At 1:21 AM, Anonymous Anonymous said...

and some people like their cucumbers pickled

 
At 1:30 AM, Blogger menlove said...

menlovian addendum:

i forgot to thank all of the folks who added lebowski quotes to the last message board. you all are a bunch of achievers, and proud i am of all of you.

here are two things you may not have noticed about the movie after you watched it for the tenth time:

(1) the dude buying half & half in the opening scene: several odd things going on here. for one, he writes a check for 69 cents. second, the date of the check is september 11th (as george h. w. bush speaks on t.v. in the background... obviously just a coincidence, but weird, right?) finally, the dude post-dates the check... he writes the 11th, yet later on in the movie, marty shows to collect the rent, and tells him that "tomorrow's already the 10th."

now why would old duder have to post-date a check for 69 cents?

(2) this is a nice little coen brothers subtlety that is easily missed: in the scene where the dude meets maude, they have the following exchange:

MAUDE: Does the female form make you uncomfortable, Mr. Lebowski?

DUDE: Is that what this is a picture of?

MAUDE: In a sense, yes. My art has been commended as being strongly vaginal, which bothers some men. The word itself makes some men uncomfortable. Vagina.

DUDE: Oh yeah?

MAUDE: Yes, they don't like hearing it and find it difficult to say. Whereas without batting an eye a man will refer to his "dick" or his "rod" or his "Johnson".

anyway, what i like is that in this last sentence, maude bats an eye as she says "johnson."

sheesh, i've got to start studying. it is our most modestly priced receptacle.

 
At 1:37 AM, Anonymous Anonymous said...

DUDE: Well sure, look at it!

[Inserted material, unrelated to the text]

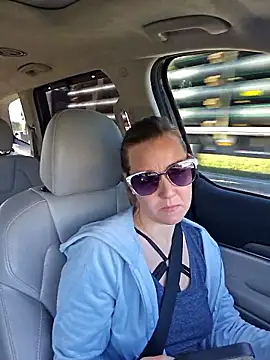 SkyelarSommer online show from 01/12/26, 02:11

Young trophy wife, I mean, in the parlance of our times, owes money all over town, including to known pornographers-- and that's cool, that's cool-- but I'm saying, she needs money, and of course they're gonna say they didn't get it 'cause she wants more, man, she's gotta feed the monkey, I mean-- hasn't that ever occurred to you...? Sir?

 
At 10:11 AM, Anonymous Anonymous said...

dude: oh no!

maude: oh yes, Mr. Lebowski.

 
At 10:56 AM, Anonymous Anonymous said...

Email from Gora about the Feldman thing. Let me just say that if I have to retake the K exam I will kill every last one of you. (Although it certainly isn't looking that way)

BUT I WILL KILL.

 
At 10:59 AM, Anonymous Anonymous said...

Menlove, maybe for your next poll: Which is more quotable?
A) Lebowski
B) Godfather
C) Pulp Fiction

While there is clearly an unruly minority for A, I would personally vote for C.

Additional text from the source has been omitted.